Just did a quick search which showed what I thought it was, if you paid you taxes in full in June of 2014, your taxes are up to date for all of 2014 and none of 2015.


----------



## nho82 (Dec 23, 2014)

Just a Guy said:


> Yes the tax year is jam-dec but you wind up paying in June (as you pay an entire year in June you wind up paying six months into next year, this is why you pay a July - June basis), the new rate is usually set in December.


So the tax bill is from jan-dec but you pay it in June. That is what I understand. So technically in June 2014 I should be paying taxes from June 2013-Dec 2013. The Jan-Jun was paid by the previous owner.

Now what I also understand from what you said.. The lawyer already made adjustments to that. How are these adjustments made.. Is it reduced from my mortgage amount or is it given to my bank to pay for the taxes? 

I hope my question makes sense.

NHO.


----------



## Just a Guy (Mar 27, 2012)

If you look at your paperwork from the purchase, you get a credit/debit off the purchase price of the home...it's one of many fees/adjustments (like lawyer fees, CMHC fees, etc.) which all get worked out in your final purchase price.

I may have the timeframe confused a bit as to when the property tax credit/debit thing works. The June payment is the key, can eat may be correct in that it's all the same year and there was no payment made for jan-jun so the seller would be billed and you'd get the credit on your purchase price and then you'd pay the full amount at the end of June. So that would explain the pay 6 months back and 6 months forward.

If you bought it after July, you wouldn't pay the taxes (as they've already been paid) you'd pay the seller back for July-dec. 

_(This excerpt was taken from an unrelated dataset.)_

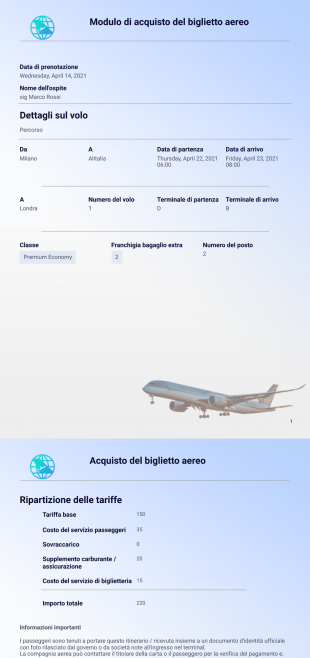 Modulo di acquisto del biglietto aereo - PDF Templates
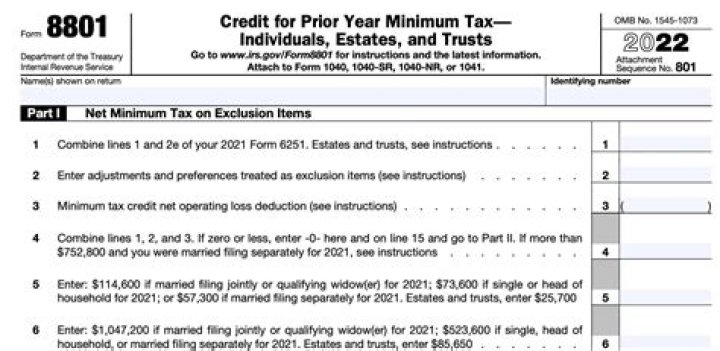 What is Form 8801 minimum tax credit?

My mistake, as you can see it can be confusing...but then again no one wants to pay taxes at Xmas.


----------



## My Own Advisor (Sep 24, 2012)

@nho82, depends on what the paperwork says when you purchased the home. Your lawyer should have advised you what taxes have been paid, what have not been paid to date on the property and as part of the transaction, that item out of many should have been itemized. 

Same goes for hydro, gas, etc., there is a change-over of all these things and in some cases there might be a credit applied, meaning you don't have to pay as much or in other cases you owe more money at time of closing. 

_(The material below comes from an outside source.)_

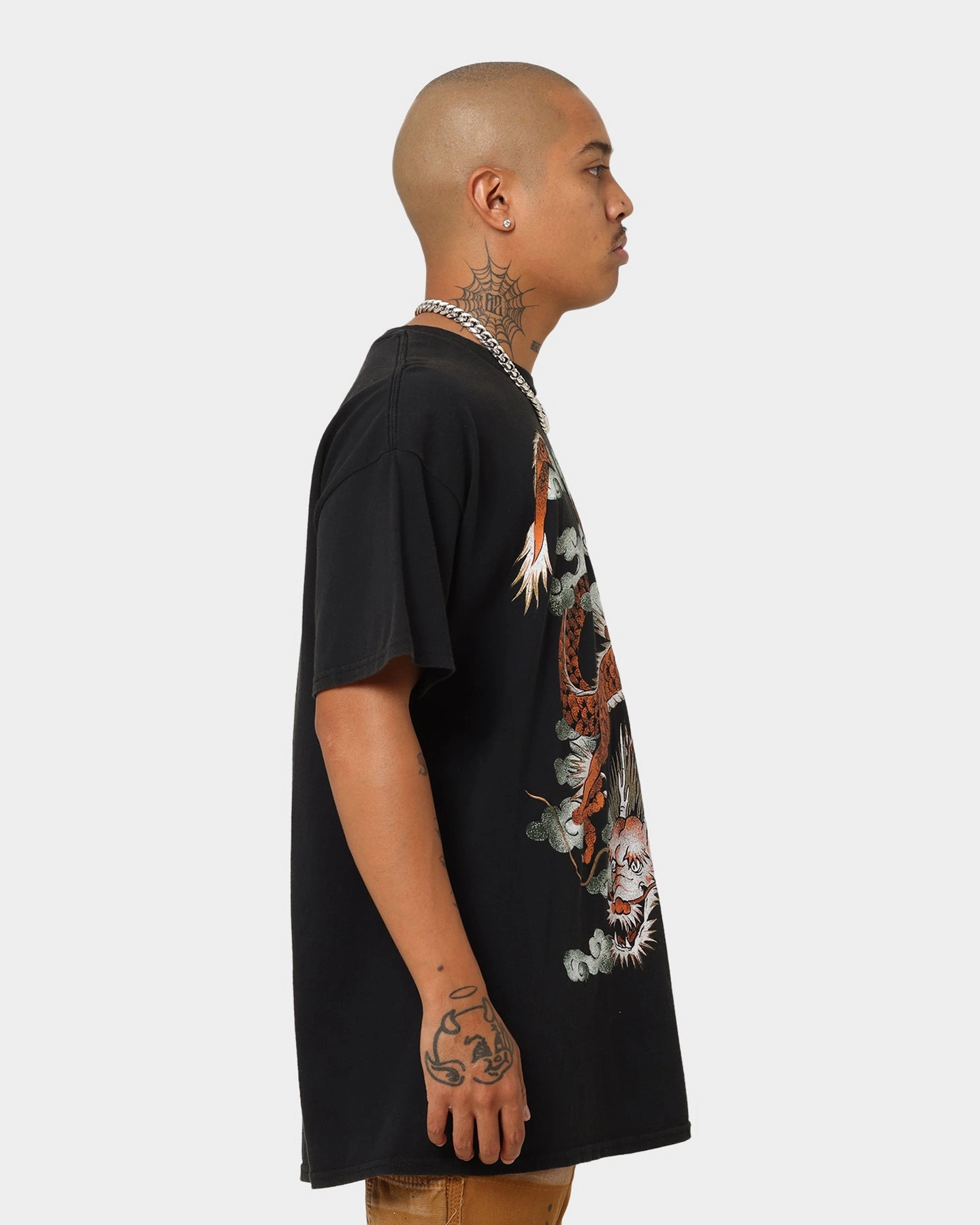Zero Waste Production American Thrift Ryu Dragon Vintage T-Shirt Washed Black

When in doubt about the standing of your property tax bill, you can always call your City's finance department, give them the roll # and find out the status. If you owe the City money, don't worry, they will come find you and charge you interest on any balance due


----------



## OhGreatGuru (May 24, 2009)

nho82 said:


> I purchased my home in July 2013. In June 2014 I received a notice from my bank that they had paid my property tax in full to the city. My question is.. Since I purchased my home in July. Shouldn't I have paid only half the taxes due.. July-Dec?? I am pretty sure the seller had paid the other half during our closing.
> 
> ...
> 
> ...


In all likelihood, the taxes for second half of 2013 (which previous owner had presumably paid) were one the final adjustments made on closing, wherein you would have had to reimburse the previous owner for half the 2013 taxes.

The letter from the bank means they have paid the full amount of the 2014 tax bill, which would have been due in full in June, if not earlier. Presumably you are paying it through your mortgage, a part of which goes to a tax account. They collected tax money from you during the second half of 2013, and the first half of 2014, so they had sufficient funds on hand to pay the tax bill for 2014 . They always collect enough money in advance to pay the bill when it comes due. Depending on when your mortgage started, and the predicated rate of rise of the tax bill, you may see an adjustment in the tax portion in subsequent years. But in this case it will probably not be much because of the timing of your purchase.


----------